In een grijs verleden hebben wij veelvuldig managementletters geconcipieerd die waren opgezet vanuit het COSO-framework. Het vaak gehoorde commentaar van cliënten: 'Vreemd dat een accountant zich met dergelijke zaken bemoeit, maar het gaat tenminste wel ergens over.'

Een voorbeeld. Als een bank overgaat op het aankopen van mandjes hypotheken met een triple A-rating omdat deze hoog renderen en omdat concurrenten dat ook doen, dan is het ook voor een accountant lastig om te voorspellen dat deze later deels waardeloos zijn. Niet voor niets bleken er bijvoorbeeld maanden van speurwerk nodig, om tot een gedegen waardeoordeel te komen van de ING-derivaten.

Maar het opsporen van de omstandigheid dat men bij zowel Fortis als Rabo intern eigenlijk niet wist wat men kocht, is een risico dat wel gesignaleerd had kunnen worden. Rabo deed daar wat mee door heel weinig van zulke derivaten in te kopen. Fortis kocht toch volop. We kennen de gevolgen inmiddels.

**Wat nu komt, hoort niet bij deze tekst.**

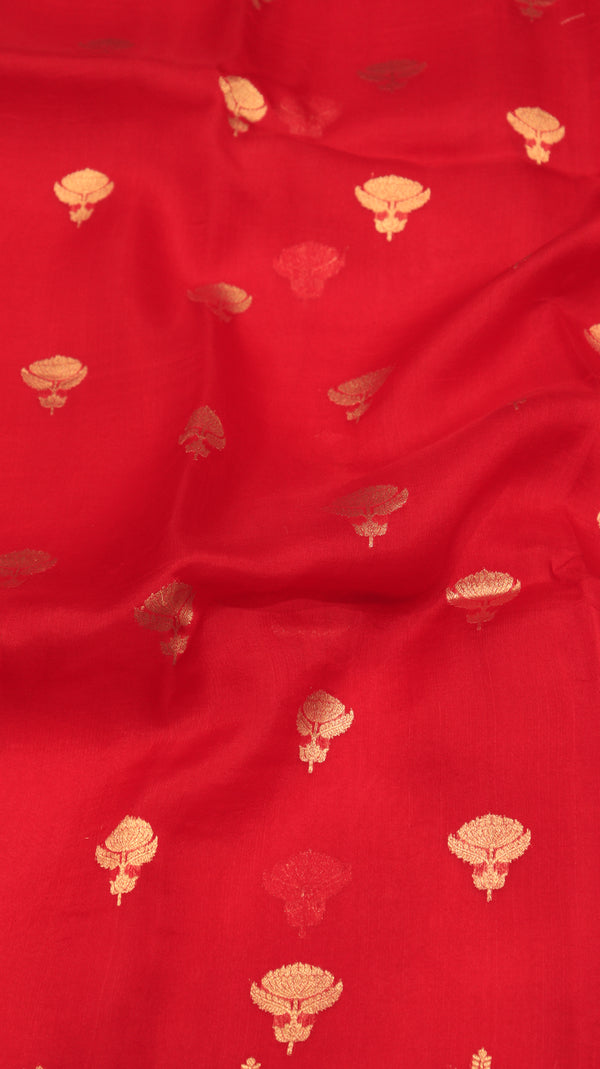 Handloom Pure Kora Silk Saree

Dergelijke risico's, ontstaan uit onvoldoende samenhang tussen de doelstellingen van de organisatie en de daartoe door het management geïnitieerde acties en de omvang en kwaliteit van de beheersorganisatie, kunnen een hele nuttige toevoeging zijn aan de accountantsfunctie.

Je gaat dan veel meer toe naar een rol van de accountant die kijkt in hoeverre een organisatie ‘in control' is, in een vaak complexe omgeving. Dan wordt het pas weer echt een leuk vak!

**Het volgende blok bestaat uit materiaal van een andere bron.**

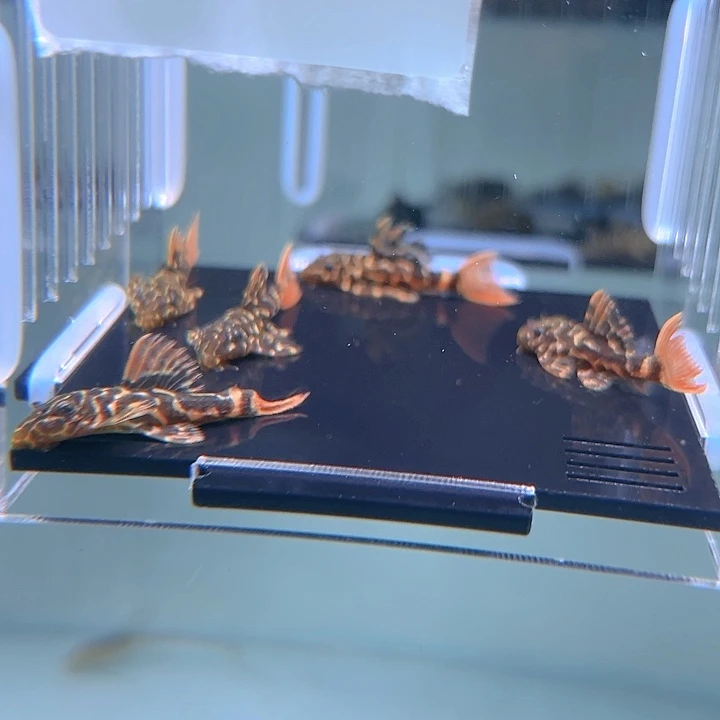 清道夫鱼14-007帝王血钻5条(有瑕疵2条)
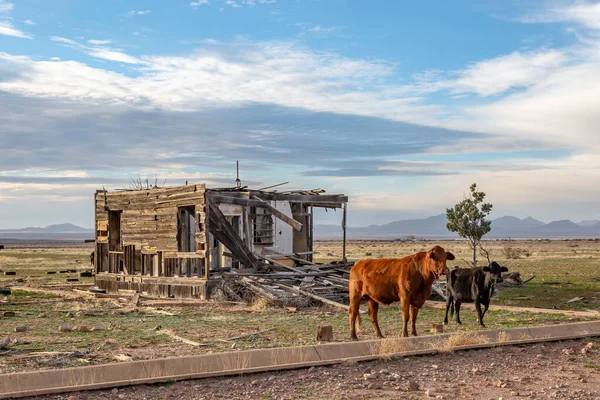 Two cows in rural Arizona, with a derelict building  behind them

Deze uitbreiding van de rol van de accountant kent natuurlijk een aantal belangrijke uitdagingen. Veel collega's zijn bang voor het gebrek aan harde normen. Ook zit het management waarschijnlijk niet te wachten op een externe accountant die hun functioneren min of meer beoordeelt.

Maar als we gericht zoeken naar de juiste controle-instrumenten en de bijbehorende rapportage over de bevindingen, kunnen we heel ver komen.

Van business as usual is dan absoluut geen sprake meer.

Wat vindt u van deze opinie?

Reageer Spelregels debat

Jan de Rooy RA (1954) is zelfstandig adviseur en commissaris bij diverse ondernemingen en instellingen.

Jacob Kienstra is directeur en aandeelhouder van The Independence Company BV.

14 reacties

Pieter de Kok

Doen we Jan en Jacob. Mij betreft tijdens de Tuacc Workshop Sessie deel 2. 23 maart is Workshop Sessie deel 1, dan een 5e TweetUp begin mei met debat tussen Commissarissen en Accountants [kunnen we de vraag wel alvast aan hun voorleggen], doen we een verdieping bij volgende workshop eind mei/begin juni! We houden contact. www.tuacc.nl voor laatste tuacc nieuws.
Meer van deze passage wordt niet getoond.